Malcolm Gladwell’s Outliers—A Peppy Story of Success
“Outliers: The Story of Success” is Malcolm Gladwell’s third consecutive best-selling nonfiction book, following “Tipping Point” (2000) and “Blink” (2005) published by Little, Brown and Company on November 18, 2008.
While “Tipping Point” focuses on the individual’s ability to effect change in society, “Outliers” deals with the cultural and societal forces that give rise to opportunistic individuals. In “Outliers,” Gladwell attempts to answer the question: What makes some people successful while others cannot seem to realize their full potential?"
The world today often considers people successful when they embody certain inherent traits and characteristics like diligence, self-sacrifice, intelligence and talent. However, Gladwell contends that the conditions and circumstances surrounding our lives are the more significant influential factors that determine our success, not our inner admirable ability or talent.

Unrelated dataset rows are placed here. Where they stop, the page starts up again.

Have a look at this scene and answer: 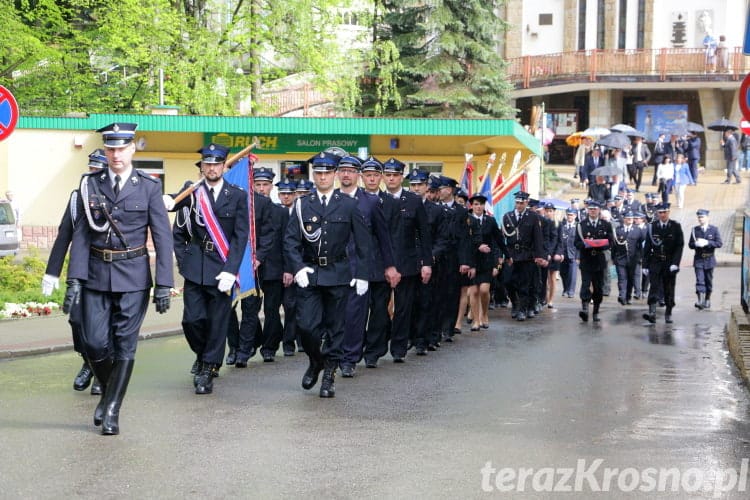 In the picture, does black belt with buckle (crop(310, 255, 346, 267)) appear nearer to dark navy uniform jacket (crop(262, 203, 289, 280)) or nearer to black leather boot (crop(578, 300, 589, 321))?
dark navy uniform jacket (crop(262, 203, 289, 280))

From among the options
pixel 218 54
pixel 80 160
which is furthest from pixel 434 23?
pixel 80 160

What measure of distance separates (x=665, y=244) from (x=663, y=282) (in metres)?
Result: 0.57

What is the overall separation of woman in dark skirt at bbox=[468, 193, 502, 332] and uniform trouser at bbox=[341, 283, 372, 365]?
5.27 metres

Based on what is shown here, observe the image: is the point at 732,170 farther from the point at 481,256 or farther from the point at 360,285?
the point at 360,285

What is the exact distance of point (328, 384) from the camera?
10953mm

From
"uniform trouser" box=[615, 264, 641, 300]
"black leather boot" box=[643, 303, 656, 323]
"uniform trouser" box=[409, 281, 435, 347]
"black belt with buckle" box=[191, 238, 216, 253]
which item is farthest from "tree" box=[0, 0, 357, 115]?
"black belt with buckle" box=[191, 238, 216, 253]

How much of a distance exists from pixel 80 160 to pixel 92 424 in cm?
2427

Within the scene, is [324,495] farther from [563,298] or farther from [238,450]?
[563,298]

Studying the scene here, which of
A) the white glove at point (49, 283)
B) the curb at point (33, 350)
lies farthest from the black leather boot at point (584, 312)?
the white glove at point (49, 283)

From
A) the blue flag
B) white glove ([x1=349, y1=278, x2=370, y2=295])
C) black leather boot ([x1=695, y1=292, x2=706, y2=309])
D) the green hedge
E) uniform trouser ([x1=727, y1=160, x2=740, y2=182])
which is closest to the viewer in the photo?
white glove ([x1=349, y1=278, x2=370, y2=295])

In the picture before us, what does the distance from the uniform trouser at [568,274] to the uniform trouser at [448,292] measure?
8.67 meters

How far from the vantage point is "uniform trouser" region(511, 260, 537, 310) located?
1977cm

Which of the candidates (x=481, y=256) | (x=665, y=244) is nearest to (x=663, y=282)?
(x=665, y=244)

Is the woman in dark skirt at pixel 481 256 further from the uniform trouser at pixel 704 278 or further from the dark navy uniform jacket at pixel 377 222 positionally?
the uniform trouser at pixel 704 278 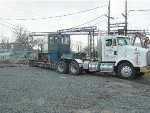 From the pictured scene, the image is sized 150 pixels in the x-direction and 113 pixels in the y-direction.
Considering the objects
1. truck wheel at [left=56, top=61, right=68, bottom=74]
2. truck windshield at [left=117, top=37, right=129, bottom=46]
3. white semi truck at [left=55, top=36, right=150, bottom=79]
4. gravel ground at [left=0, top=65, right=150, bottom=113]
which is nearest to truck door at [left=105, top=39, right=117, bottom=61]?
white semi truck at [left=55, top=36, right=150, bottom=79]

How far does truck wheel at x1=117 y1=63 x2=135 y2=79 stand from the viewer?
20.6m

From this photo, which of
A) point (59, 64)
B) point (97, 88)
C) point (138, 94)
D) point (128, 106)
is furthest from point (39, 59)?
point (128, 106)

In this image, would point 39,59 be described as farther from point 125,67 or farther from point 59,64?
point 125,67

Gladwell cites chance opportunities such as birth during a certain time period and demographic luckiness to be overwhelming factors in determining a person’s success. He shares the stories of many outliers who have met their potential by harnessing the chance opportunities that have come their way.
To Gladwell, the stories of pop music band The Beatles and Microsoft founder Bill Gates, for example, are distinguished not by “their extraordinary talent but their extraordinary opportunities.” The Beatles became the Beatles, he suggests, because they happened to be invited, repeatedly, to Hamburg, Germany, where they had to perform many hours an evening for many nights — practice time that enabled them to hone their craft.
Similarly, Gladwell suggests that Bill Gates became Bill Gates because he was lucky enough to attend a high school that “had access to a time-sharing terminal in 1968,” and because he had another series of opportunities to spend hours working on computer programming before dropping out of Harvard to start his own software company.
Both the Beatles and Bill Gates, Gladwell argues, exceeded or came close to what he calls “the 10,000-Hour Rule” — the number of hours of practice that a neurologist named Daniel Levitin says are likely required “to achieve the level of mastery associated with being a world-class expert — in anything.”
Also, says Gladwell, Gates had the good fortune to be born in 1955 — one of the optimum years to be born to take advantage of the personal computer age.
Some reviewers have, however, criticized Gladwell, arguing that while his claims throughout “Outliers” are firm, the logical reasoning behind these claims is faulty. Critics say that Gladwell does not discuss the methodology that informs his study, which leaves the reader questioning the validity of the case studies.
That said, Gladwell’s writing is accessible to the general public. His claims are persuasive enough to capture the reader while drawing him/her into the argument. As one review for The New York Times rightly says, "Outliers is peppy, brightly written and provocative in a buzzy sort of way."
The book, “Outliers,” is indeed thought-provoking. It will challenge you to think deeply about the nature of success in society, while also showing you that successes and failures can be explained in unexpected ways. Too often, we do not take those factors into consideration as much as we should.